Tools of Engagement (Hot & Hammered #3) by Tessa Bailey

Chapter One

Wes Daniels cracked an eyelid.

The streetlamp outside the house let in just enough light for him to make out the silhouette of his five-year-old niece sitting on the end of his bed, wearing his cowboy hat. If these freaky wake-up calls weren’t a regular occurrence, it would have scared the living shit out of him. The first time, he’d almost started shouting for the ghost child to go toward the light. His niece was an early riser, however, and this routine had been well established over the last month.

Didn’t mean he had to accept it.

“Nope. Still dark.” Wes pulled the comforter up over his head. “You have to stay in bed until the clock says six, two dots, double zero, kid. We talked about this.”

“But I don’t want to go to school today.”

“School isn’t for . . .” He lifted his head and checked the clock. “Lord. School isn’t until nine A.M. That’s four hours from now. You could fit one and a half major league baseball games into that.”

She was silent a moment. “I don’t have any friends at school.”

“Sure you do.” When she didn’t respond, Wes sighed, reaching over and turning on the lamp, finding a super-serious child peeking at him from beneath the brim of his tan felt hat. How on God’s green earth am I responsible for a five-year-old? He asked himself that question several times a day, but the absurdity of the arrangement struck harder in the morning time. Wes cleared the sleep from his voice. “What about the girl with the Minnie backpack? You two seemed pretty chummy when I dropped you off yesterday.”

“She’s best friends with Hallie.”

“That means she can’t be your friend, too?”

Laura shrugged and pursed her lips, a clear indication she was about to change tactics. “My stomach is going to hurt in four hours.”

Time to face facts. He wasn’t getting that extra hour of sleep. Hell, he couldn’t remember the last time he’d woken up in the actual daylight. If only my friends could see me now. In the not-so-distant past, Wes would have slept straight through a hangover and woken up just in time to hit the San Antonio bars all over again with whatever cash he’d managed to scrape together rodeo riding. Even now—he was just shy of his twenty-fourth birthday—this was prime oats-sewing time.

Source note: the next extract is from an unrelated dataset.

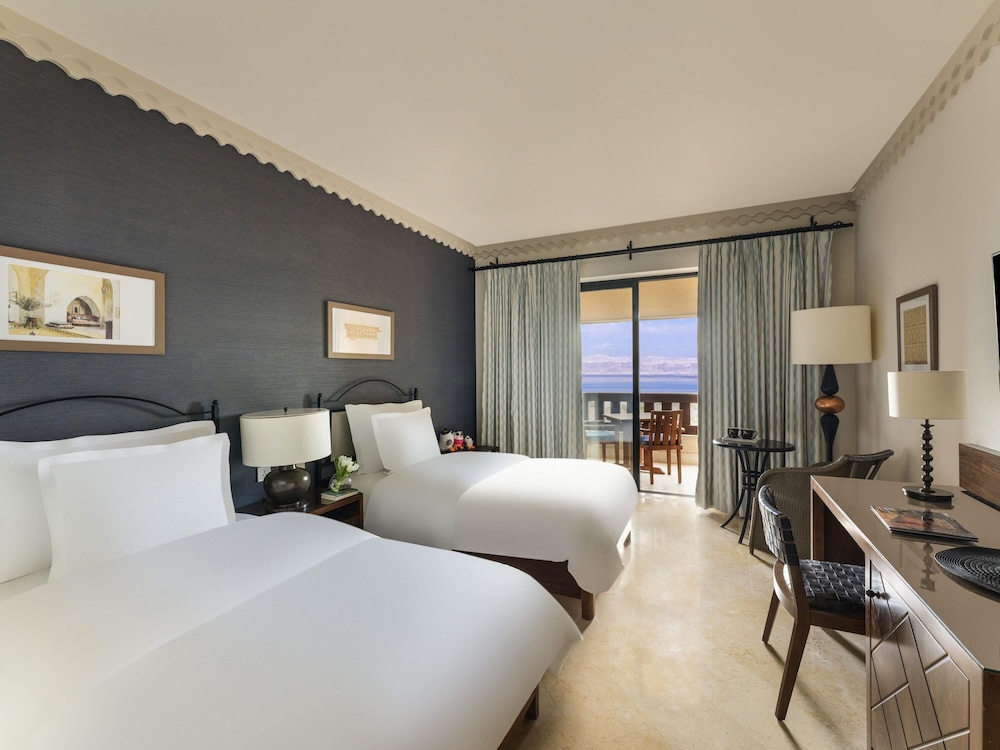 Habitación familiar, 1 cama doble, habitaciones comunicadas del hotel Mövenpick Dead Sea Jordan. Foto 6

But everything had changed with one phone call. He’d been yanked from a party lifestyle free of responsibilities in Texas and dropped onto a foreign planet, also known as Port Jefferson, Long Island. To raise a child.

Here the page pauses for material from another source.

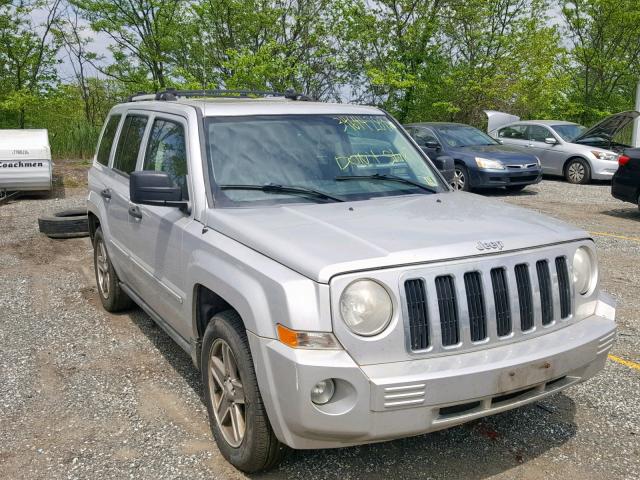 1J8FF48W07D289532 - 2007 JEEP PATRIOT LI SILVER photo 1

Good thing it was temporary.

And hell, what wasn’t?

Wes swallowed the hard object in his throat and rolled into a sitting position at the edge of the bed, reaching for his discarded shirt on the floor and tugging it on over his head. “Come on, kid. Let’s go see what infomercials are on. Maybe we’ll get lucky with some cooking demonstrations.”

Laura brightened. “Maybe Instant Pot.”

He ruffled her hair and helped her off the bed. “Here’s hoping.”

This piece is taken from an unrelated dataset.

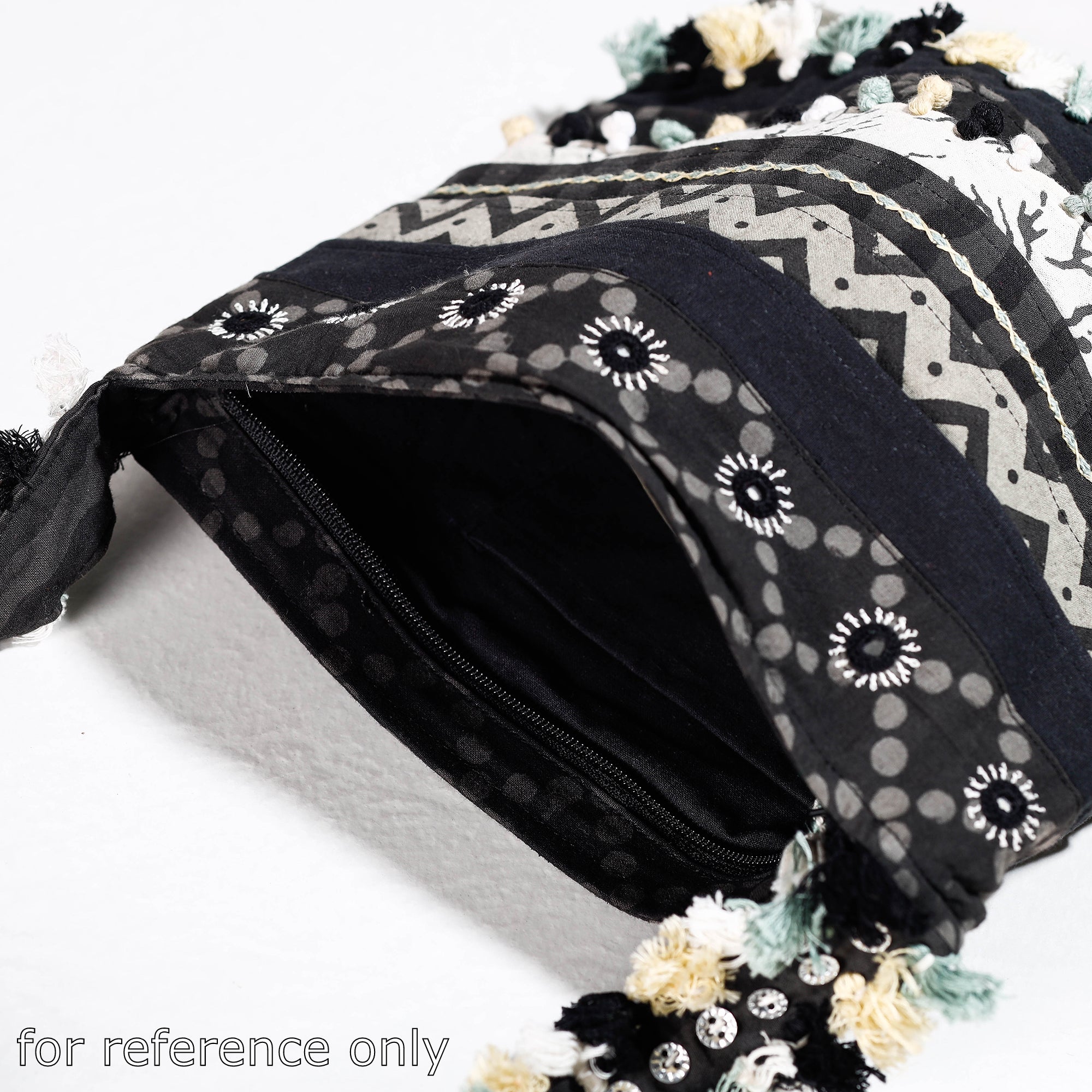 SANDUR KUSHALA KALA KENDRA Black - Lambani Mirror Work Hand Embroidery Patchwork Cotton Shoulder Bag - view 4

No sooner had Wes gotten Laura settled on the couch with a blanket did she request apple juice. While retrieving it from the kitchen, he leaned down and scanned the various schedules taped to his refrigerator. There were goddamn four of them. Four schedules. To say it was a rough transition, going from no schedules to four, would be putting it lightly.

Schedule one: kindergarten. Every day was a something day. Bring a silly poem to share with the class. Wear yellow. Dress like a superhero. For the love of God, wasn’t homework enough? Wes wasn’t even sure what PTA stood for, but when he found out, he was going to show up at a meeting and solve the mystery of who was behind these crazy-ass something days. He or she probably had fangs and a maniacal laugh.

He sighed and rested his head on the fridge a moment before focusing on schedule two, aka the Almighty Food Rotation. There was a local group of women called the Just Us League and they’d taken it upon themselves to bring him and Laura labeled containers of food when they found out about his situation. At first, he’d been pleased as hell to inform them he didn’t need charity, but he had just enough humility to admit they’d be eating pizza every night without the meals.

Not to mention, the Just Us League organizer was Bethany Castle, and Wes didn’t turn down chances to be in her vicinity. No, sir. Only an idiot would. He might have taken a few hits to the noggin after being tossed off the backs of some angry bulls, but Wes wasn’t a fool. He knew a ten when he saw one.